Exercise description: Once the images are removed, repeat all of the entries exactly.

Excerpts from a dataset
------------------------------

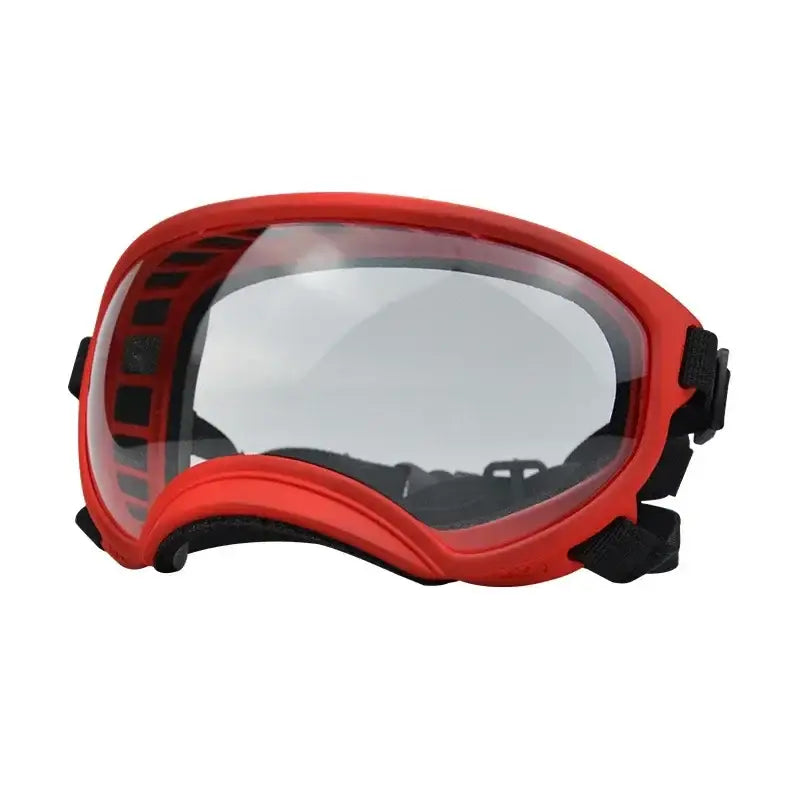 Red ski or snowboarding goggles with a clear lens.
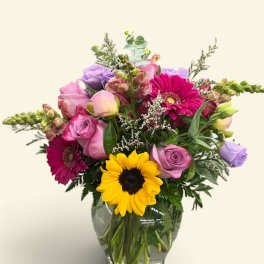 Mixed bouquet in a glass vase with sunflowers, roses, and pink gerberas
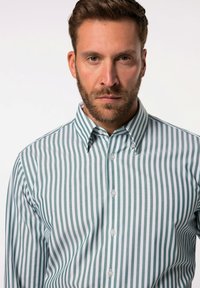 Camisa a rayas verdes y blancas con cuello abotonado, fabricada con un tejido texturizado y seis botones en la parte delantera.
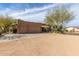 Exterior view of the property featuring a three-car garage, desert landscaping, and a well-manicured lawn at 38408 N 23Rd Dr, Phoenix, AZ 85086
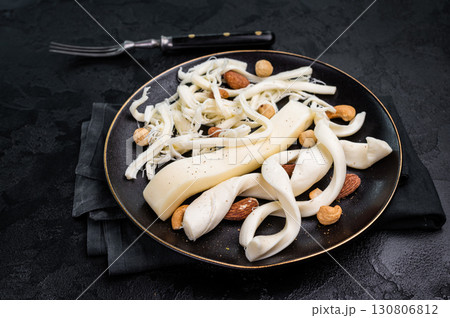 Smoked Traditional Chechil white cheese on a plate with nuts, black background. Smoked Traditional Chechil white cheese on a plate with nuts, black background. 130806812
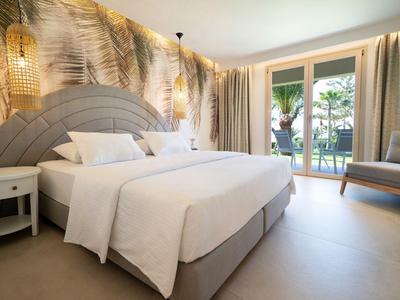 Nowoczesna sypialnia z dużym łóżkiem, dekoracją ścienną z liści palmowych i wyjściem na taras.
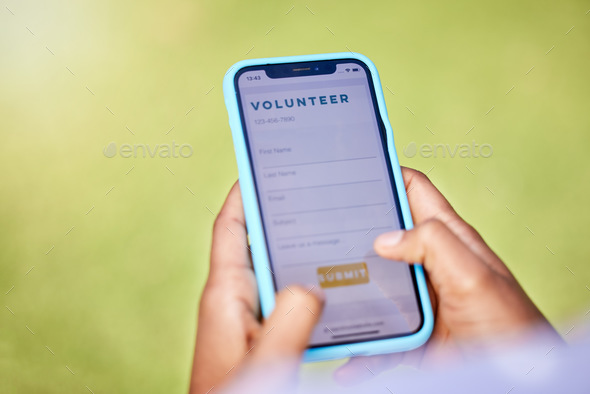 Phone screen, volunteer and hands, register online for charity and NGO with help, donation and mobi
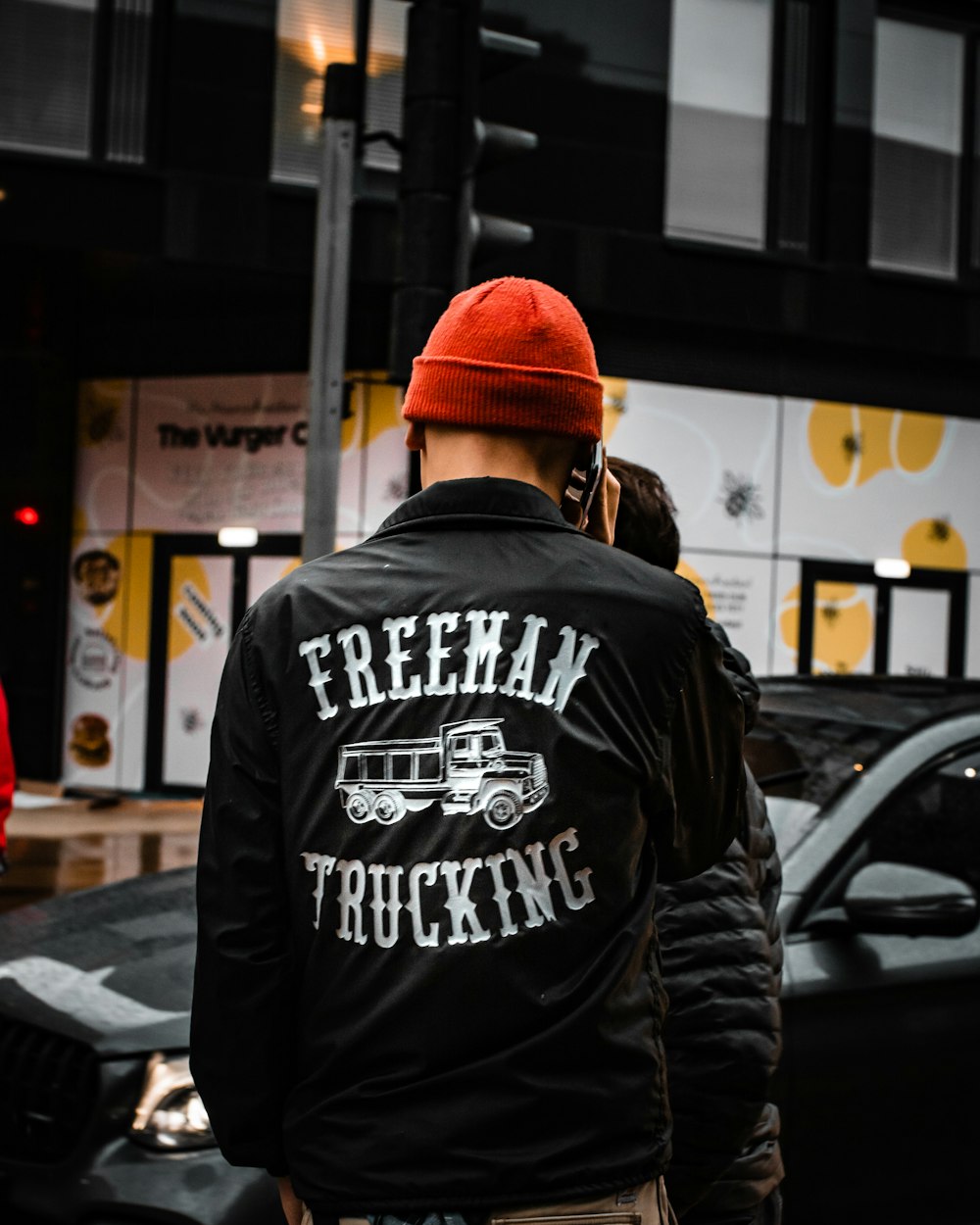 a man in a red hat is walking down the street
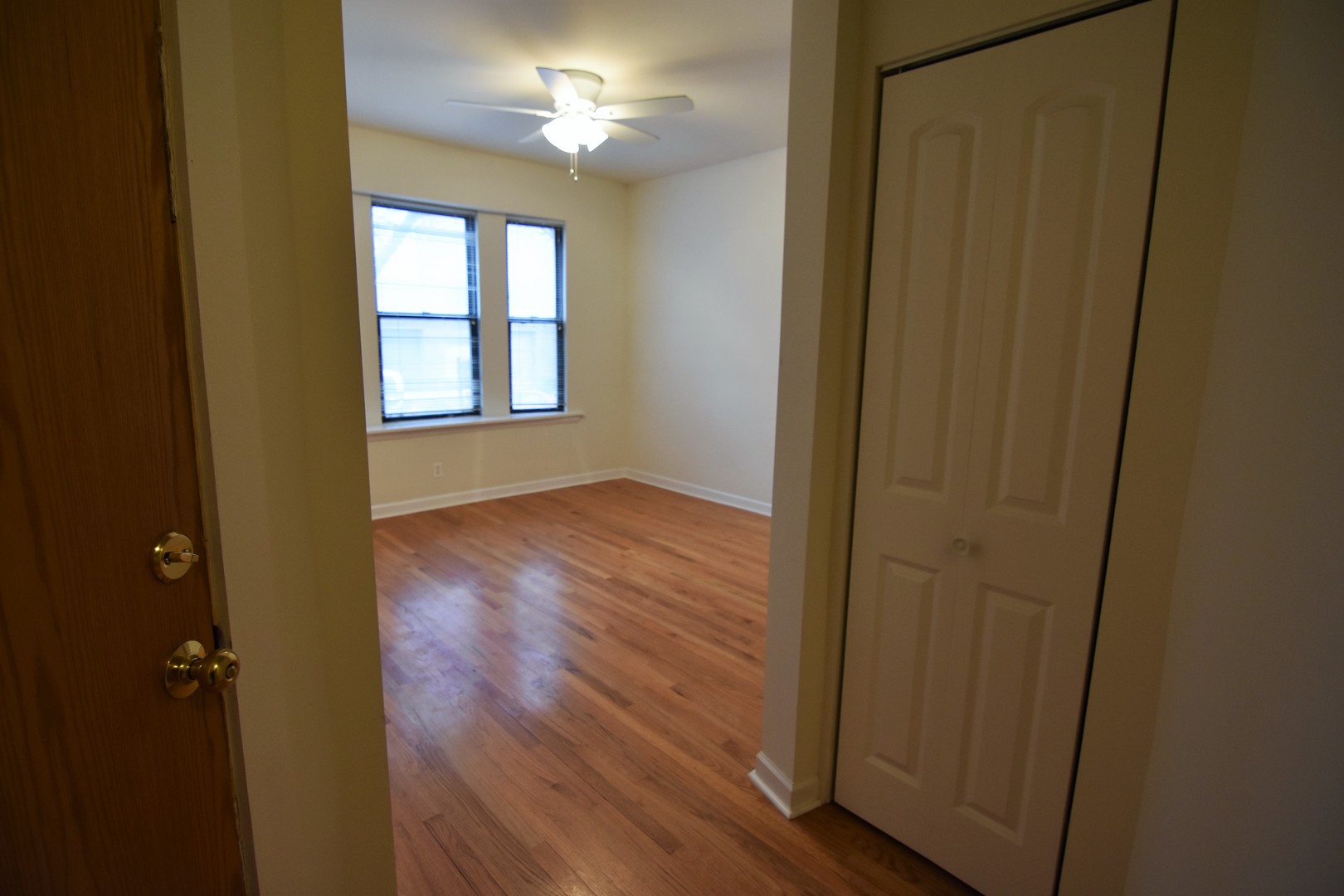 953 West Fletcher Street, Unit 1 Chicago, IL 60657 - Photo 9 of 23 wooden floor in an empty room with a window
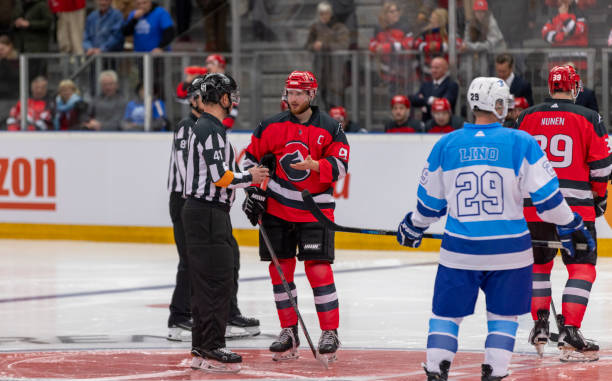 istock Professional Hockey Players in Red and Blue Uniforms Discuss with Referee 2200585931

------------------------------

Reply:
 Red ski or snowboarding goggles with a clear lens.
 Mixed bouquet in a glass vase with sunflowers, roses, and pink gerberas
 Camisa a rayas verdes y blancas con cuello abotonado, fabricada con un tejido texturizado y seis botones en la parte delantera.
 Exterior view of the property featuring a three-car garage, desert landscaping, and a well-manicured lawn at 38408 N 23Rd Dr, Phoenix, AZ 85086
 Smoked Traditional Chechil white cheese on a plate with nuts, black background. Smoked Traditional Chechil white cheese on a plate with nuts, black background. 130806812
 Nowoczesna sypialnia z dużym łóżkiem, dekoracją ścienną z liści palmowych i wyjściem na taras.
 Phone screen, volunteer and hands, register online for charity and NGO with help, donation and mobi
 a man in a red hat is walking down the street
 953 West Fletcher Street, Unit 1 Chicago, IL 60657 - Photo 9 of 23 wooden floor in an empty room with a window
 istock Professional Hockey Players in Red and Blue Uniforms Discuss with Referee 2200585931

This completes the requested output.